⟨

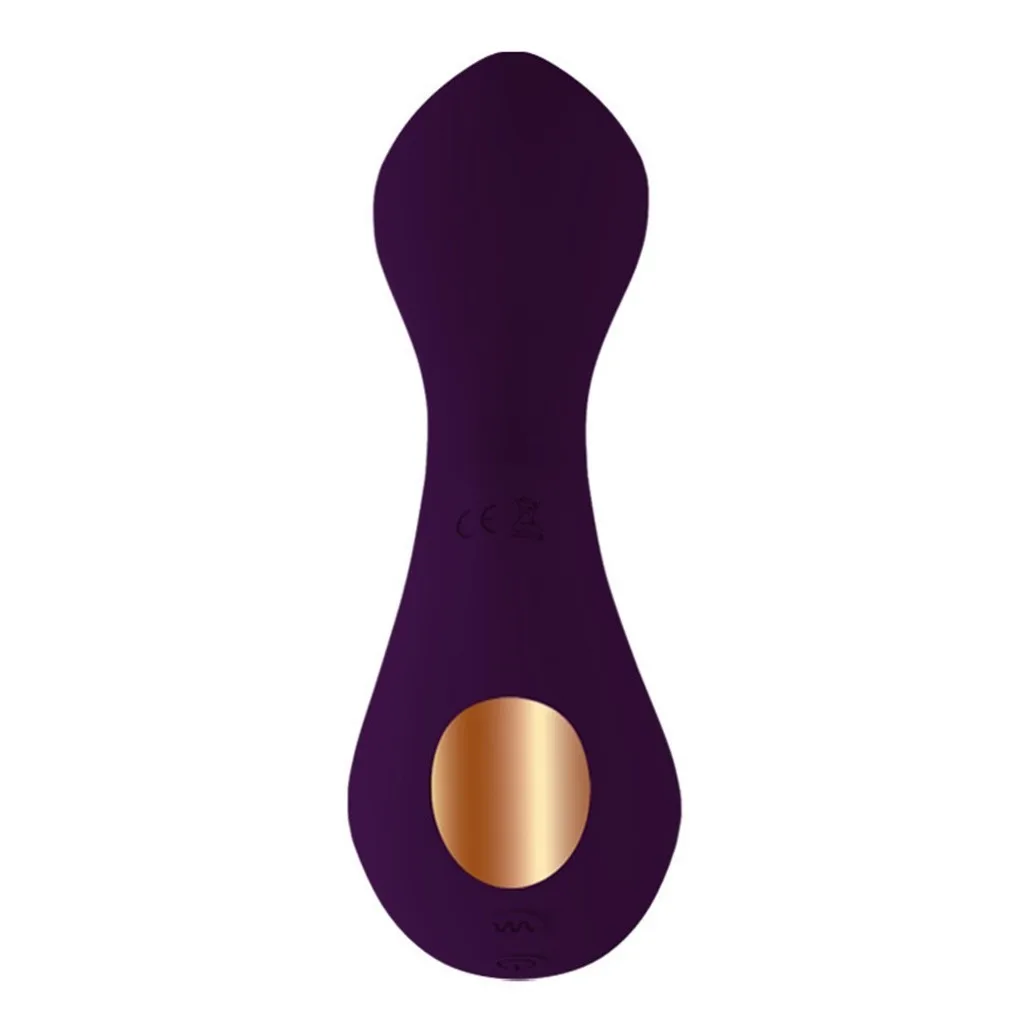 Вибратор для клиторального сосания интимные игрушки женщин вибрационный массаж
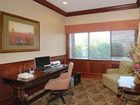 фото отеля Comfort Suites Columbia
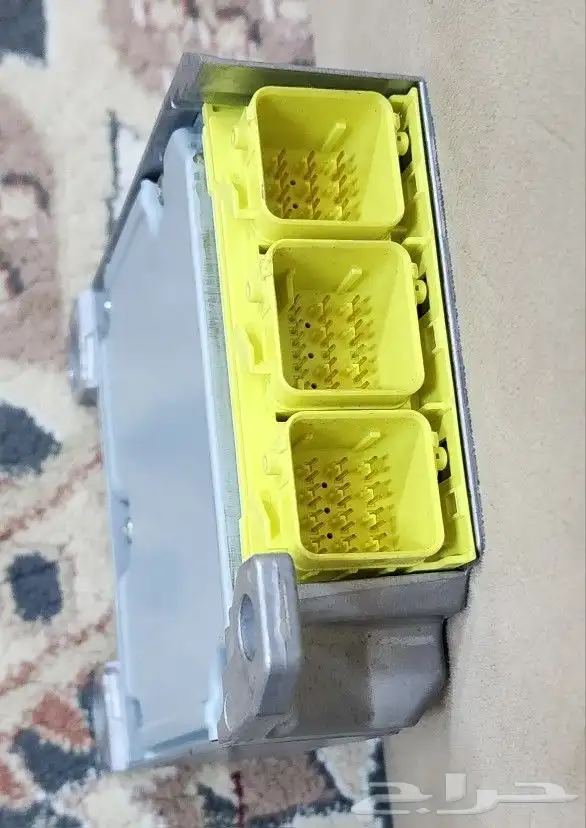 قطع غيار كامري 2018 إلى 2023 26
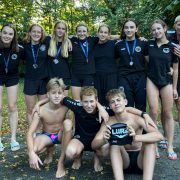 WhatsApp Image 2025-09-16 at 12.34.52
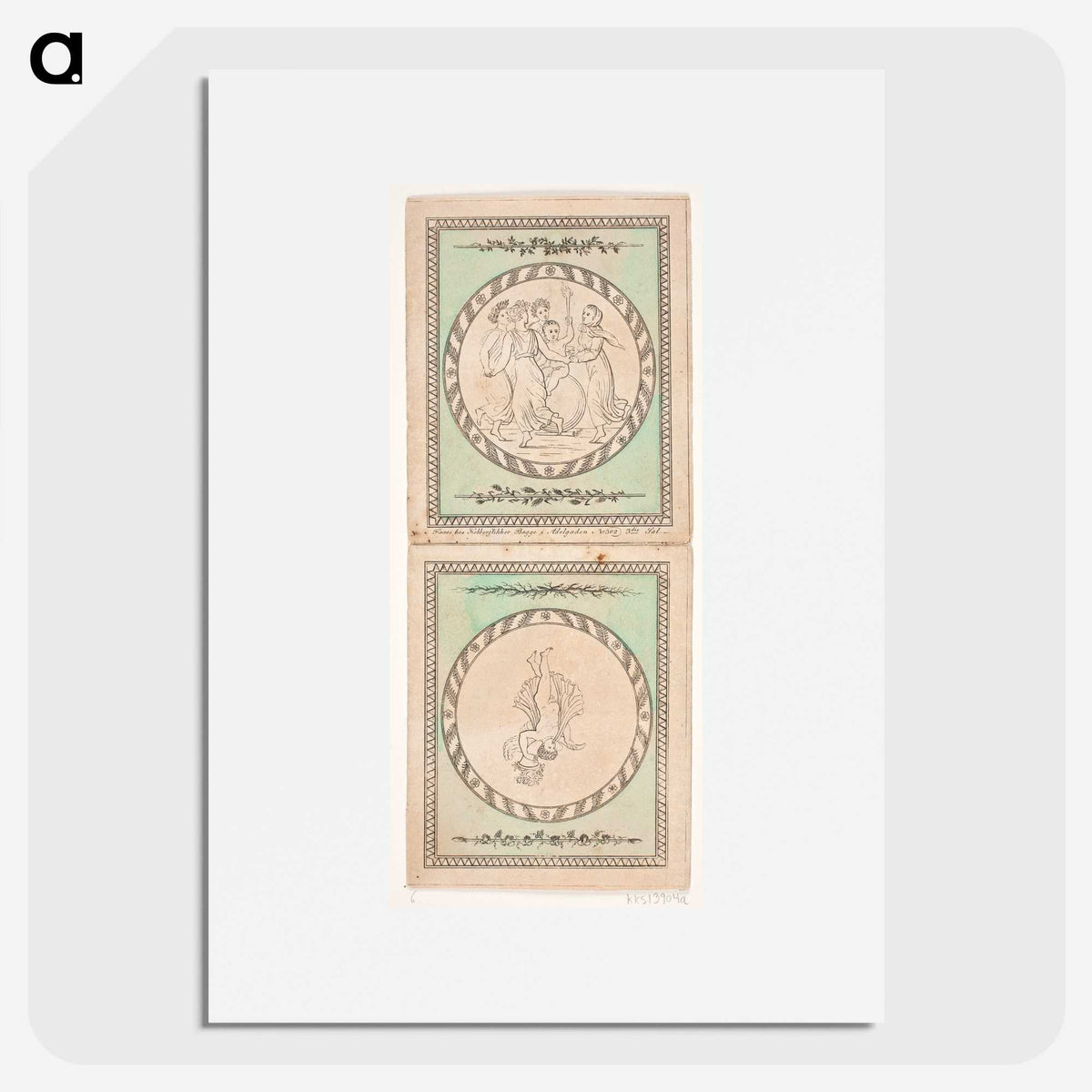 1-96_Christoffer-Wilhelm-Eckersberg_picture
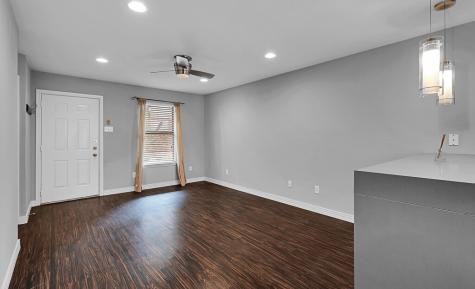 1342 S 12th Street Waco TX 76706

⟩

— Aim of the exercise —
Write out, with no pictures, only the lines from the line containing "фото отеля Comfort Suites Columbia" through the last line of the listing above, exactly and with both ends included.

— Reply —
 фото отеля Comfort Suites Columbia
 قطع غيار كامري 2018 إلى 2023 26
 WhatsApp Image 2025-09-16 at 12.34.52
 1-96_Christoffer-Wilhelm-Eckersberg_picture
 1342 S 12th Street Waco TX 76706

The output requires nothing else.